Türkçenin diğer dillerle olan etkileşimleri sonraki dönemlerde de öncelikle Fransızca ve Almanca ile devam etmiştir. Bu etkileşimler, günümüzde ise İngilizce ile devam etmektedir.

Günümüzde ulaşım ve iletişim olanaklarının artmasıyla birlikte ülkeler arasındaki sınırların bir bakıma ortadan kalkması, diller arası etkileşimin seyrini de değiştirmiştir. Özellikle kitle iletişim araçlarının bu konudaki rolü son derece önemlidir.

25

2.2.3. Tercüme Faaliyetleri

Toplumda yaşanan gelişmelerle dile girmesi muhtemel olan sözcükler kendi diline kabul ederken toplumlar kelimeleri her zaman olduğu gibi almamıştır. Uygurlar döneminde benimsenen Maniheizm ve Budizm’le ilgili dini kaynakların Türkçeye tercüme edilmesiyle birlikte tercüme faaliyetleri başlamıştır. İslamiyet’in kabulüyle dini kaynakları tercüme çalışmalarında Arapça ve Farsça sözcüklerin oranı dilimizde artmıştır. Son zamanlarda akademik anlamda Batı’dan yapılan çeviri bilimsel kaynakların artması ve teknolojinin baş döndürücü hızı dilimize giren yabancı sözcüklere müdahale etmeyi imkânsız kılmıştır.

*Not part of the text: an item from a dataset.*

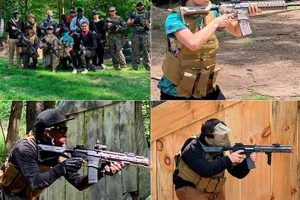 Find Airsofting Near Me: Fields, Gear & Fun! Ultimate Airsoft Guide for Beginners, Tactics & Gear Reviews Find Airsofting Near Me: Fields, Gear & Fun! | Ultimate Airsoft Guide for Beginners, Tactics & Gear Reviews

2.2.4. Alfabe Değişiklikleri

Türkler tarih boyunca yaklaşık 17 alfabe kullanmışlardır. Bu durum benimsenen alfabelerdeki bazı seslerin dilimize geçmesine aynı zamanda alfabesini kullandığımız milletin kullandığı sözcüklerin dilimizde varlık göstermesine sebep olmuştur.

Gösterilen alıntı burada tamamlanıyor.